▸ Instructions for the task
Would you copy out each line of the records below that includes the word "Vintage"?

▸ Extracted entries
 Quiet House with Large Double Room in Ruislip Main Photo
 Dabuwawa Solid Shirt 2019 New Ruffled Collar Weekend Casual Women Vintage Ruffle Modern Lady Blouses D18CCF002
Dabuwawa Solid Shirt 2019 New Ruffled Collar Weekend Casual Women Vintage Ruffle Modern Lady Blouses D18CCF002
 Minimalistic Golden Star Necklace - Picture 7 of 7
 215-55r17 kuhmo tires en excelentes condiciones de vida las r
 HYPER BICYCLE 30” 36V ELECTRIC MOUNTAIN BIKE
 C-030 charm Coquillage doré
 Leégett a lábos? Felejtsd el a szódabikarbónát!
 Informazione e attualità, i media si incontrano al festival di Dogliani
==
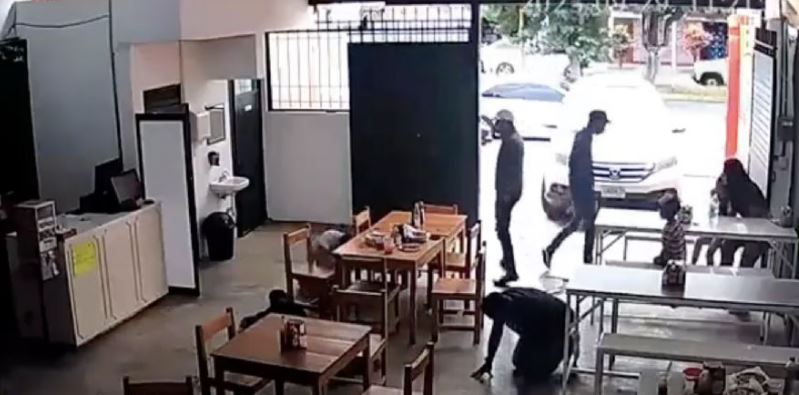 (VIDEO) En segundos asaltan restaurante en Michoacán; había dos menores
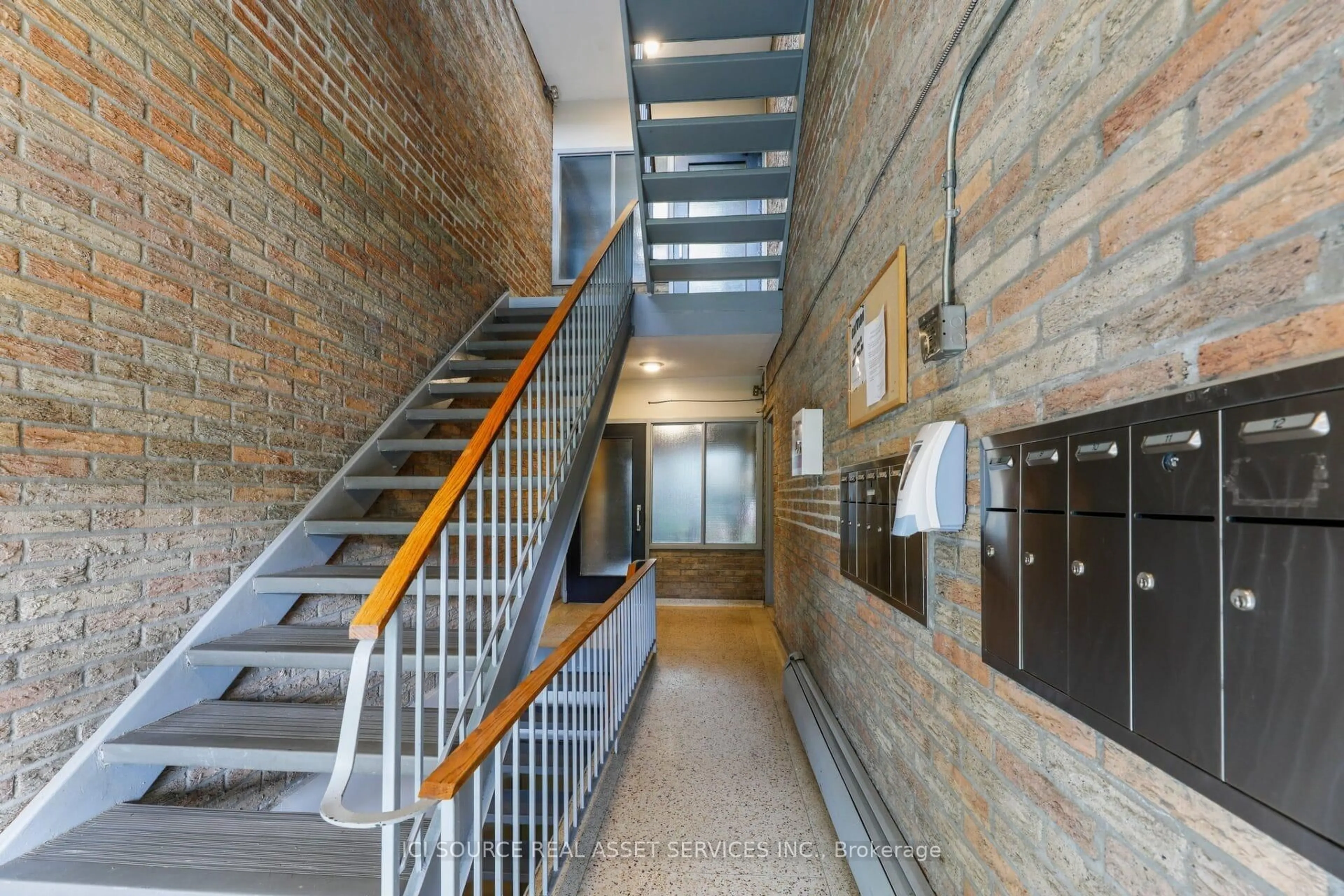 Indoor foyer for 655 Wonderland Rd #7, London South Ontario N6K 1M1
==
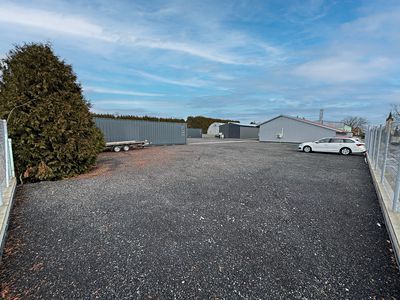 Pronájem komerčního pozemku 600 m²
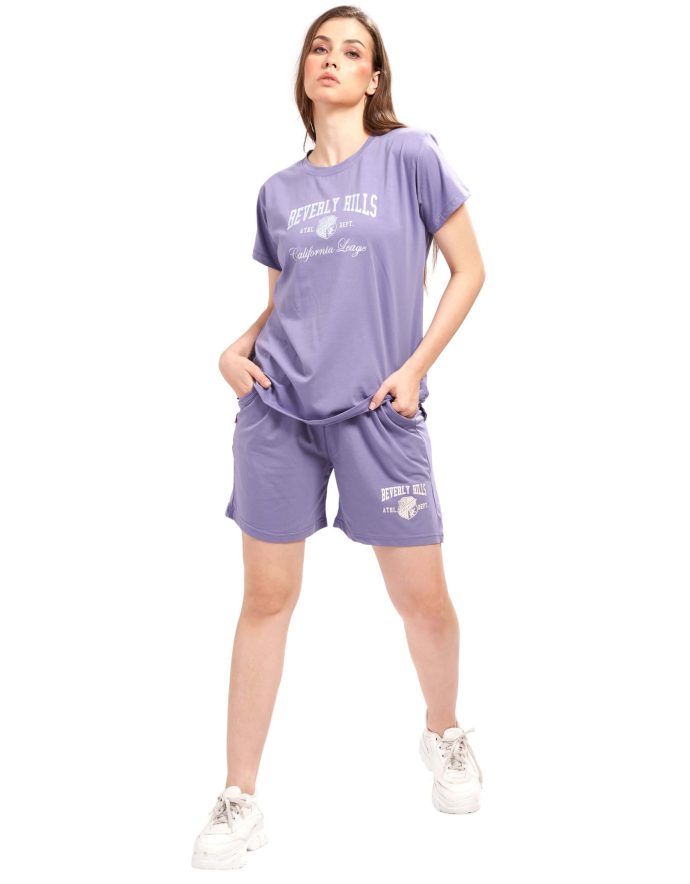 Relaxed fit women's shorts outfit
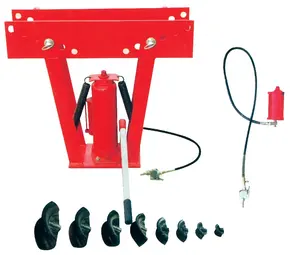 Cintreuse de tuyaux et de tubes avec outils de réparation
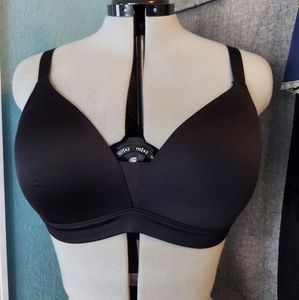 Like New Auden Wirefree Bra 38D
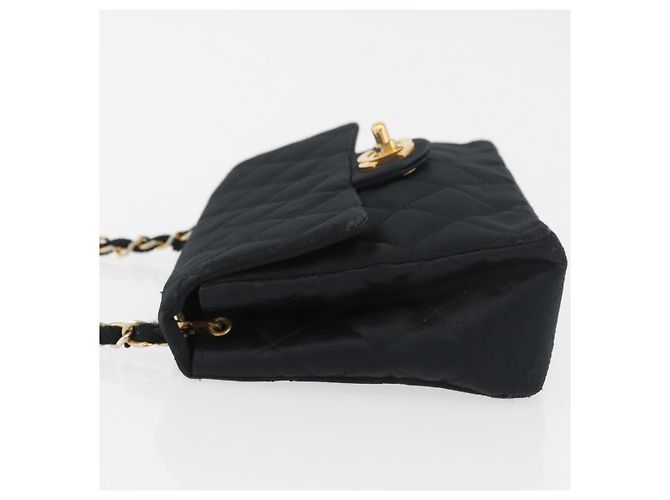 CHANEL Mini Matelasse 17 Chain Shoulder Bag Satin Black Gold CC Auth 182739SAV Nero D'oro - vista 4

▸ Worked solution
 Dabuwawa Solid Shirt 2019 New Ruffled Collar Weekend Casual Women Vintage Ruffle Modern Lady Blouses D18CCF002
Dabuwawa Solid Shirt 2019 New Ruffled Collar Weekend Casual Women Vintage Ruffle Modern Lady Blouses D18CCF002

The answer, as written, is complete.